How come car and bike tires don't catch fire even when driving on a hot road in hot weather at high speed or even when braking suddenly?
Basically two reasons : the material is designed to support the temperatures in normal use (excessive temperatures can be caused by low pressure and subsequent failure) and the tyre also radiates heat to the atmosphere / surroundings - you can feel the heat being radiated from warm tyres if you put your hand close after a fair distance.
It is possible to cause a tyre to catch fire - check out some of the "burnouts" of bikes and cars, but this is not "normal" use.
The elegantly simple answer is; if they did, we wouldn't use them. If they designed a tyre that set itself on fire, they wouldn't pass type approval and they wouldn't allow them to be sold.
The rubber compounds used within the tyre are chemically engineered to prevent this from ever happening.
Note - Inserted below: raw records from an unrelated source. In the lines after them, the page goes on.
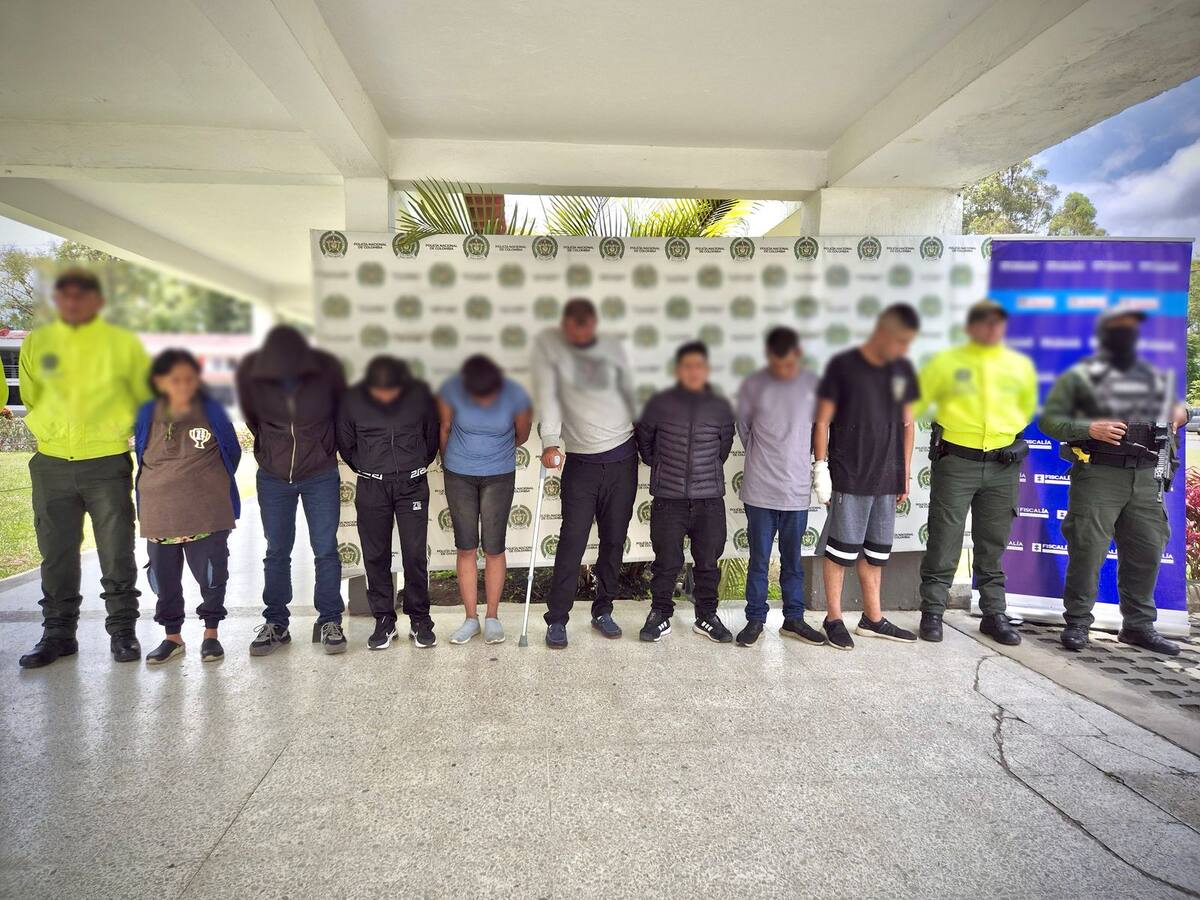 Desarticularon el grupo delincuencial ‘Los Escorpiones’, dedicado a la venta de estupefacientes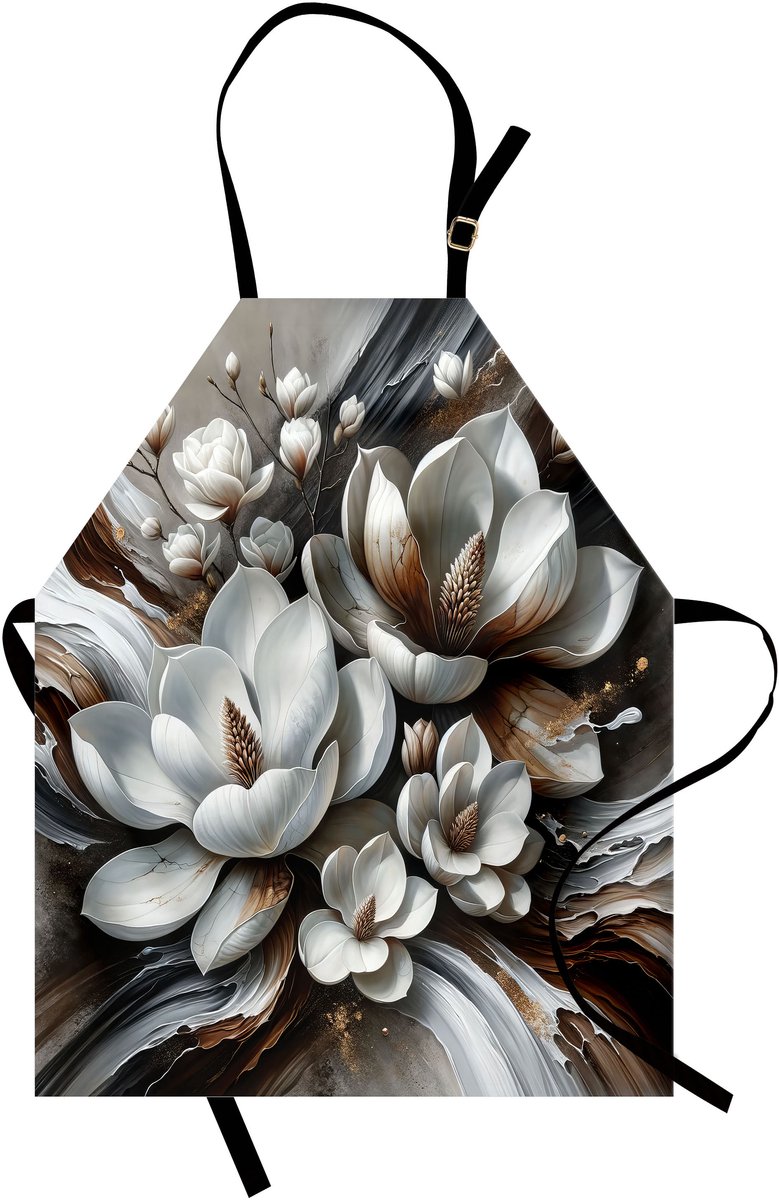 New Bed Bruin Magnolia op aquarel tinten Waterdicht Schort voor Dagelijks en Professioneel Gebruik, 78x66cm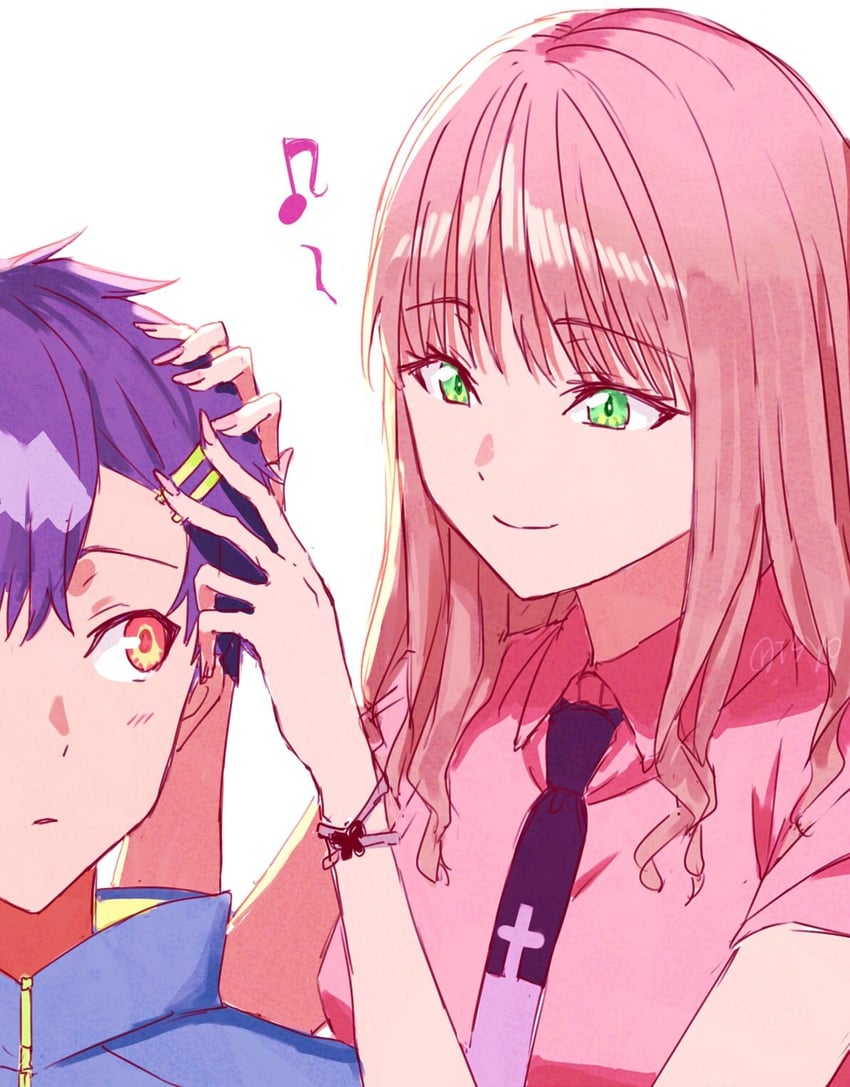 minami yume and asanaka yomogi (gridman universe) drawn by risyo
I have once seen a tyre catch on fire. It wasn't the actual tyre itself, it was the "marbles" (debris) thrown off the tyre getting trapped in the end of the sill (rocker) panel and sitting on the hot exhaust. It was on a race car, at Silverstone race circuit, during a 24hr endurance race on a particularly hot day and the tyre in question was made of a very soft compound, a Dunlop racing slick. The temperatures involved were incredible (the exhaust of a Viper GTS-R at race speed) and not something you'd be likely to encounter on the road. The volume of rubber that had gathered on the exhaust was a good few hand-fulls and it had been accumulating for some time before it ignited. Also, it was very easily extinguished.
In normal driving conditions tyres are only subject to rolling friction in the forward direction and static friction when accelerating, braking and cornering. Unlike say brakes which are operating under sliding friction this doesn't generate a great deal of heat.
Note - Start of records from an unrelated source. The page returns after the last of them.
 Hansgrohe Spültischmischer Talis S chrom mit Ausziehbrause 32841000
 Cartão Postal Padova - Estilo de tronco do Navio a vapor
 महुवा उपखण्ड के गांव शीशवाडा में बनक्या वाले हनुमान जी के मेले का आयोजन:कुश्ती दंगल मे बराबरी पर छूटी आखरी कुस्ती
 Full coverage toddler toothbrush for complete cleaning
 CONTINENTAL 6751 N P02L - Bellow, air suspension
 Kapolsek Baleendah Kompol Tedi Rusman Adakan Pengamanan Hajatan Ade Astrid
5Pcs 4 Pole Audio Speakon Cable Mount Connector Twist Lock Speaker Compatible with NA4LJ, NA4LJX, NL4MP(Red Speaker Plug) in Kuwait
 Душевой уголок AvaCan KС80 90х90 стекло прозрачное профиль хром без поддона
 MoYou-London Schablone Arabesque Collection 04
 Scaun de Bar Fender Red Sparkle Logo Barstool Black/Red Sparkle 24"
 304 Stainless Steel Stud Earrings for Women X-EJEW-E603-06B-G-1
Indeed most of the heat a tyre does generate comes from deformation of the tread block and tyre carcass under load rather than friction as such.
If you lock the wheels under braking, spin them under acceleration or slide in cornering then they can get hot enough to start to melt and break down producing smoke and laying black lines on the road surface.
But even then this is quite localised and the body of the tyre isn't going to get hot enough to catch fire. F1 tyres for example, routinely operate well above 100 degrees C, in fact they need to be this hot to work properly. An overheated tyre is more likely to fail mechanically before it catches fire.